Monday, 27 September 2010
ABC Pre-Function (Westin Annapolis)
How the global hydrological cycle, generally denoted by precipitation, may respond to surface temperature changes has been debated for decades. This debate is crucial to correctly assessing the global warming-related climatic variability/change, and also reflects our limited present understanding of what relationship exists between precipitation and surface temperature on various spatial and temporal scales. Using satellite-based global precipitation measurements (1979-present) from the Global Precipitation Climatology Project (GPCP) and the SSM/I-based (1988-present) tropospheric water vapor data, we find that the (intrinsic) correlations between oceanic mean precipitation and surface temperature anomalies are very weak once the effects of ENSO and volcano are removed, whereas oceanic mean tropospheric water vapor content varies with surface temperature no matter whether the ENSO and volcanic effects are included or not.

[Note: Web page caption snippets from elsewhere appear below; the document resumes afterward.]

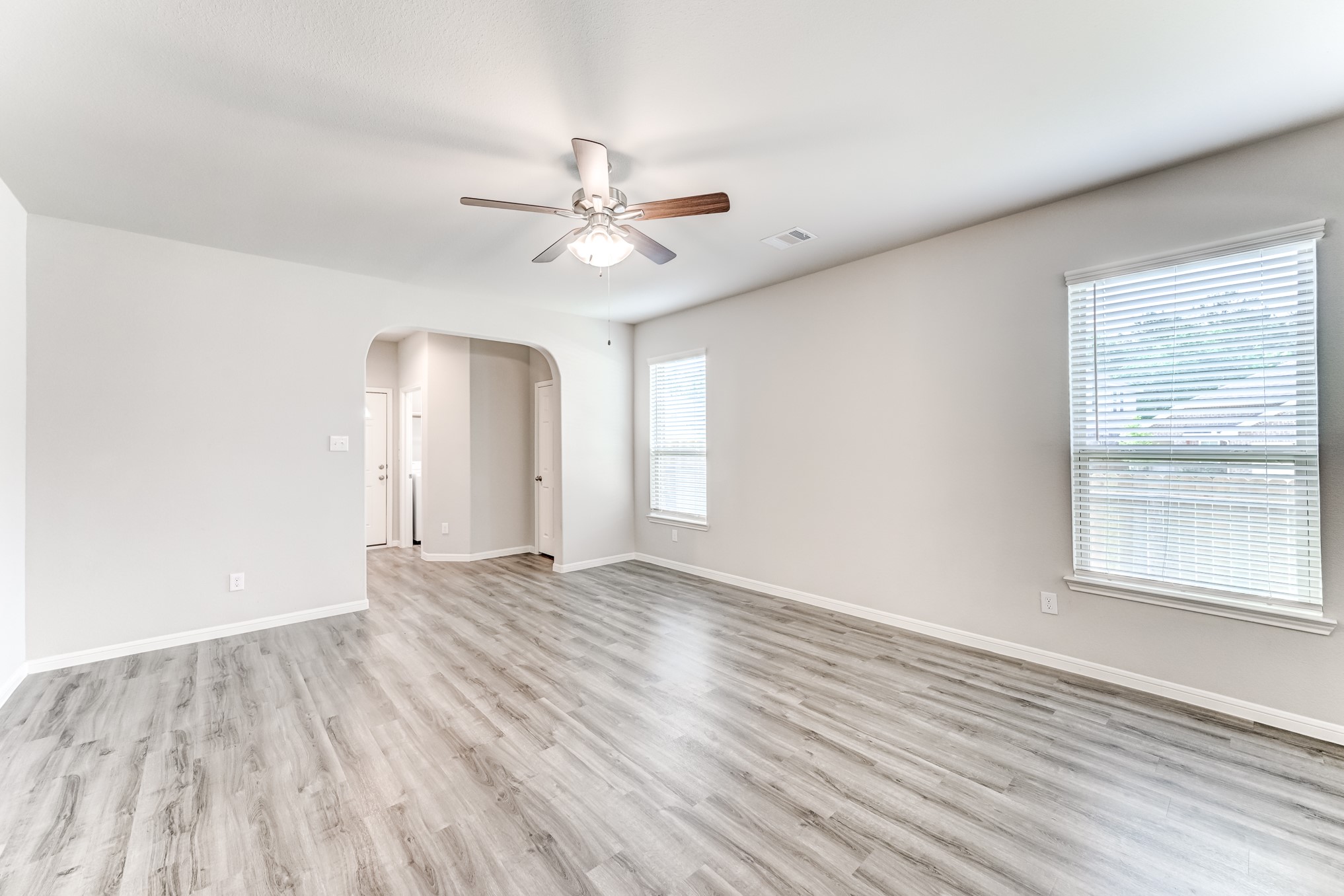 27085 Kestrel Trail Property Photo 10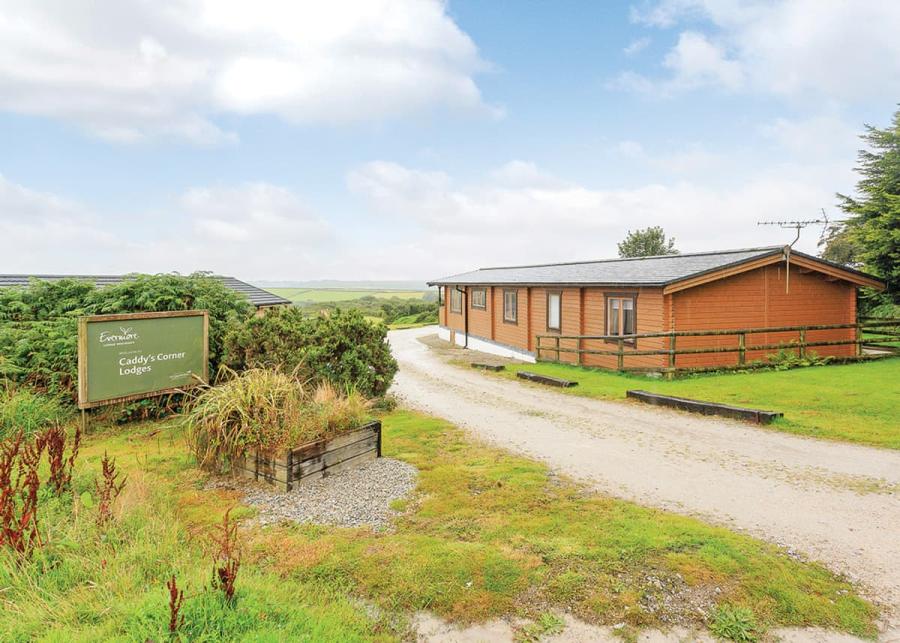 lodge holidays at caddy's corner lodges near redruth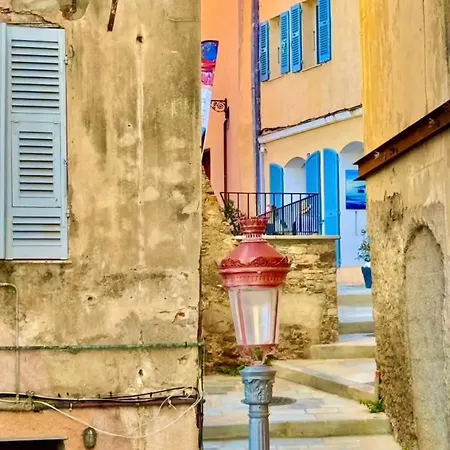 Du Cap Villa San-Martino-di-Lota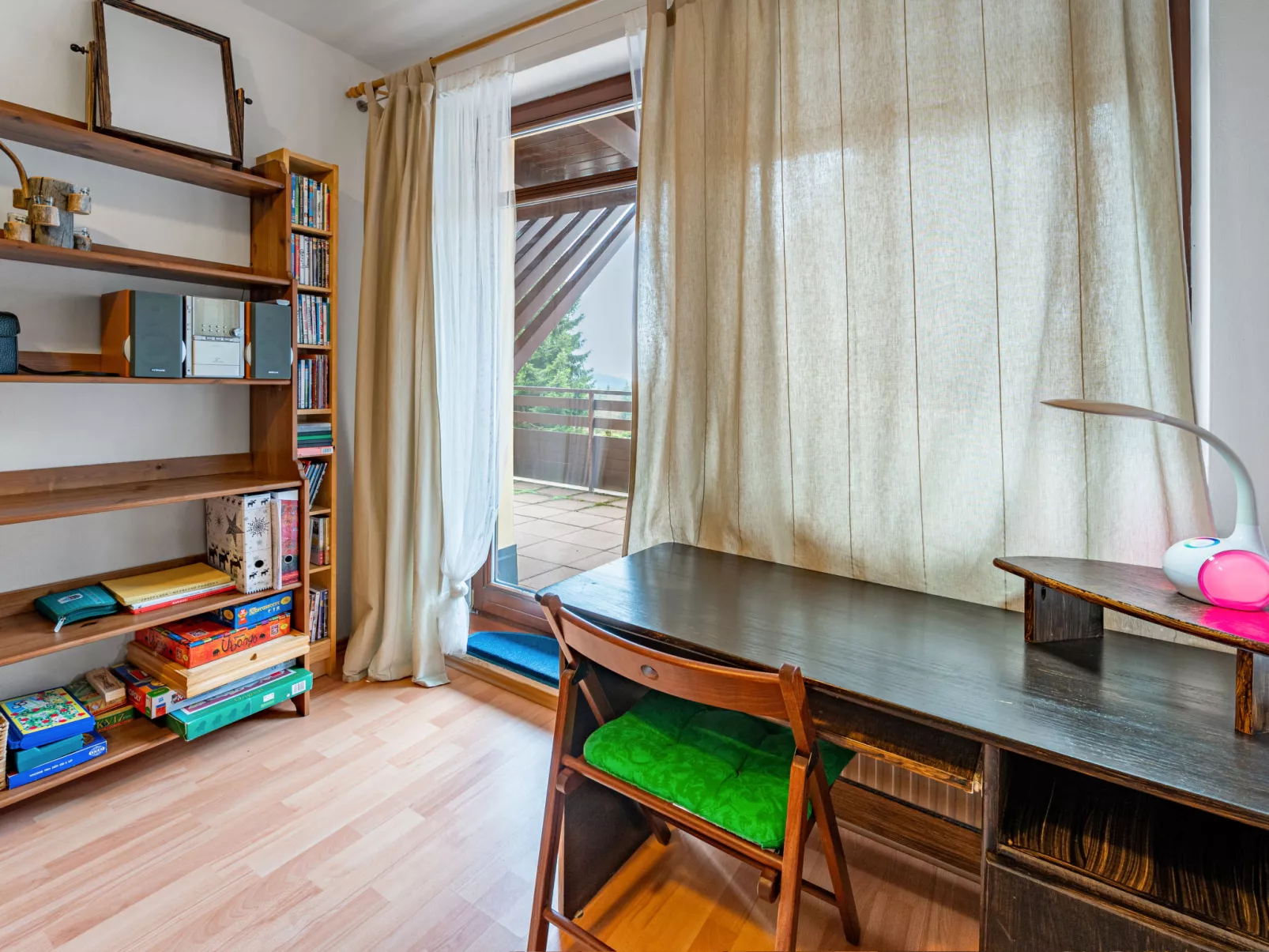 Sachrův Kopec-Inside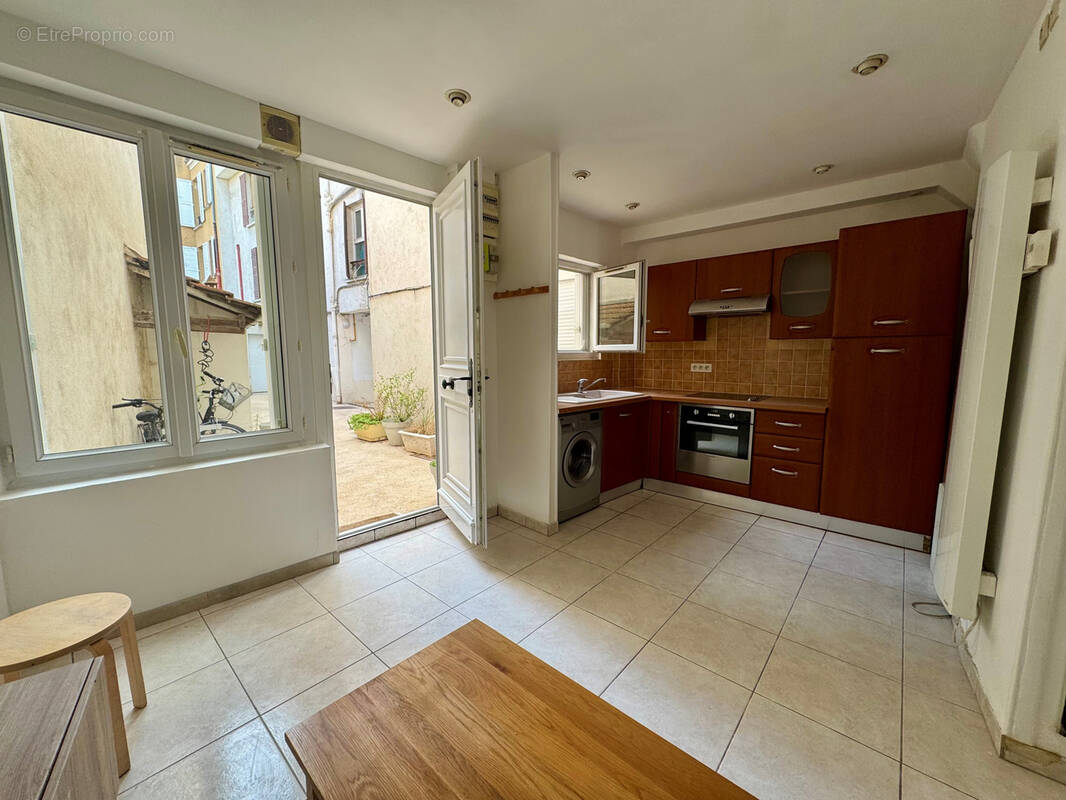 Appartement à LE PERREUX-SUR-MARNE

We hence conclude that precipitation variability averaged over large-domains in which the large-scale dynamical processes become weak does not need to directly follow surface temperature variations at least on the interannual time scale. This tends to be consistent with the fact that ENSO precipitation signals are usually very weak over combined land plus ocean areas for both tropical and global regimes. This finding may also be applied to improve our understanding of the weak global-mean precipitation responses under the global warming scenario that have been shown based on both model simulations and observations.